▸ **Exercise**
Without the images, repeat every line of the listing verbatim.

* * *

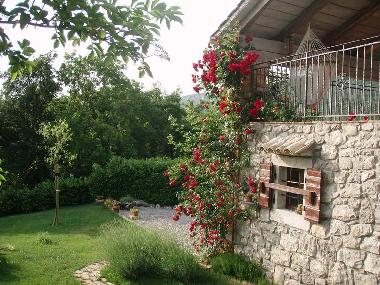 Holiday House in Roc (Istarska) or holiday homes and vacation rentals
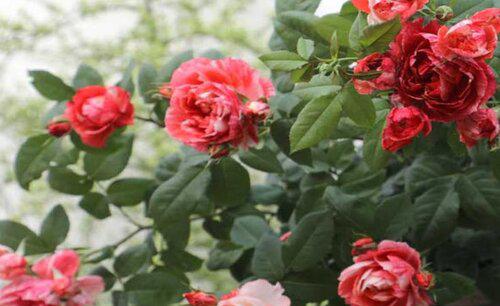 月季冬天怎么预防病虫害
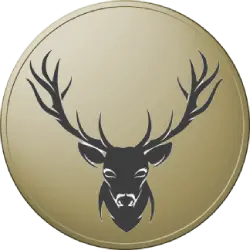 Deer Finance logo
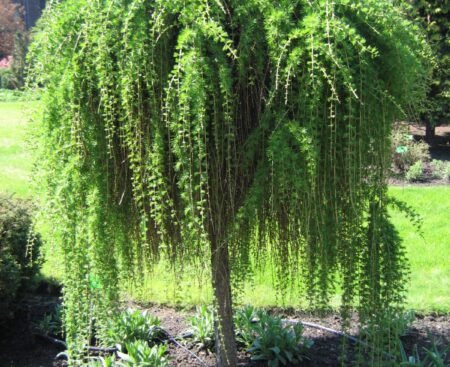 Модрина японська Pendula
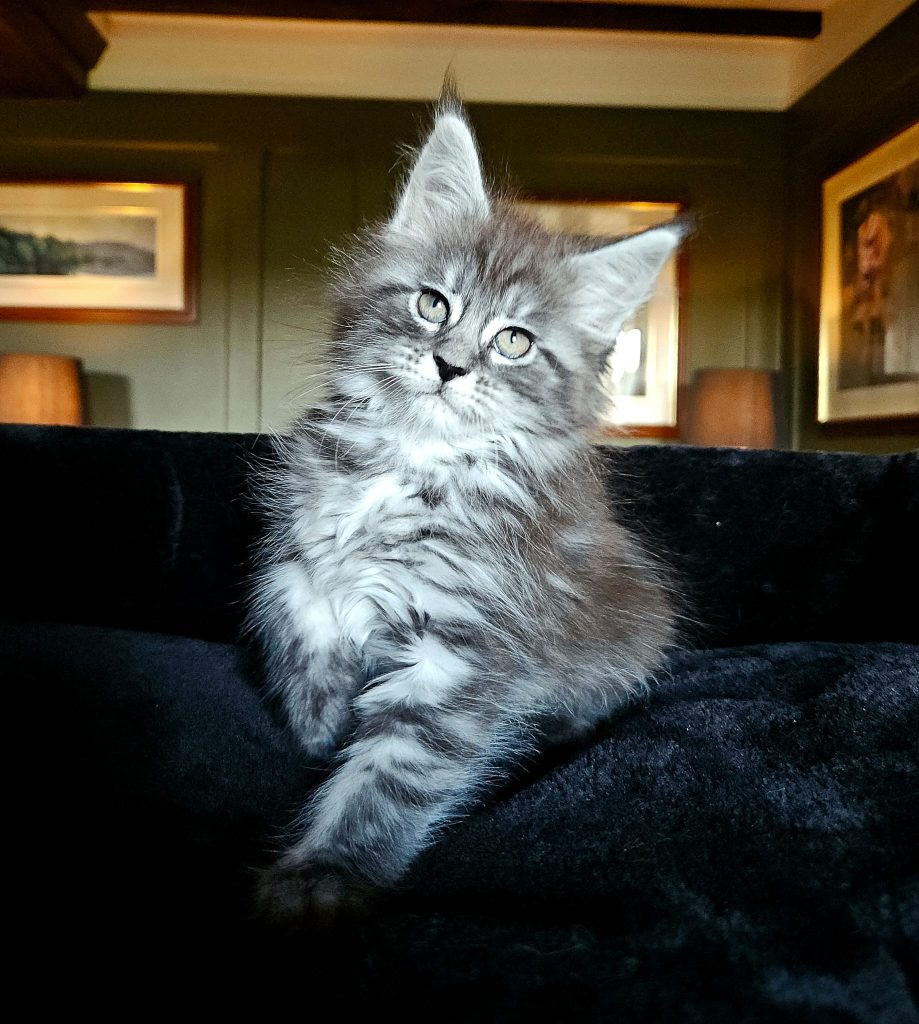 Aylah du Vaudemusson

* * *

▸ **Your response**
 Holiday House in Roc (Istarska) or holiday homes and vacation rentals
 月季冬天怎么预防病虫害
 Deer Finance logo
 Модрина японська Pendula
 Aylah du Vaudemusson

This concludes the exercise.